Limited marketing budgets have encouraged the prime movers to think creatively. For Clipper, a fine beverages specialist, which bears the Fairtrade mark on many of its products, design and high-quality packaging materials proved more effective than advertising. "Re-designing our packaging is the single most important thing that we've done," says Paul Machin the company's public relations manager. "It allowed us to trade on provenance and connoisseurship, in the same way that wine growers trade upon terroir." As an example of this link between quality and place of origin, Machin points to the company's Fairtrade organic Earl Grey tea, which carries the image of an exquisitely crafted Indian rosewater sprinkler. "It plays to the idea of the thinking person's cuppa," he adds.
Celebrity endorsement and positive editorial have also been important: particularly to firms with unorthodox business structures such as Cafédirect, which was founded by an alliance of development agencies and trading organizations. Being enthusiastically championed by Comic Relief, a media-focused charity, helped the Day Chocolate Company (a UK-based firm, partly owned by a West African cocoa co-operative) punch far above its weight in the block chocolate market, virtually from day one.

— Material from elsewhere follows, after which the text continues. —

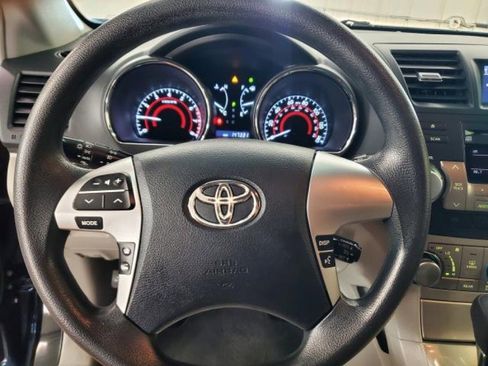 Used 2012 Toyota Highlander FWD w/ Tech Pkg image 18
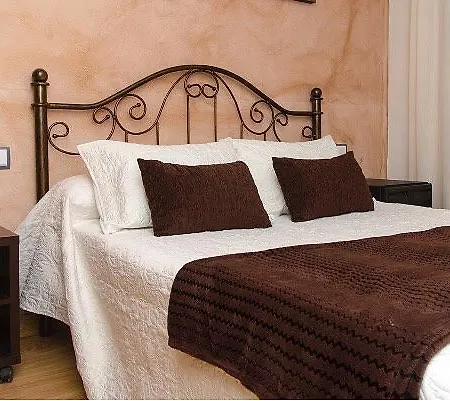 Hostal Don Rodrigo-3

So far, Fairtrade has had its greatest successes in a few niche categories purchased by more affluent consumers. The clearest example is roasted and ground coffee, where Fairtrade brands account for around 19 percent of sales. But can the Fairtrade mark expand successfully into wider markets? Cafédirect's Barr believes it can, suggesting that as much as 50 percent of consumers might be persuaded to pay a small premium for products with an ethical appeal—provided that the quality lives up to their expectations.
Whether such ambitions are fulfilled may hinge on the response of retailers and their willingness to bring Fairtrade to the attention of a wider audience. But can their support be counted upon? One interesting development is the decision of some supermarkets, including the UK market leader Tesco, to start selling a selection of own brand products under the Fairtrade label.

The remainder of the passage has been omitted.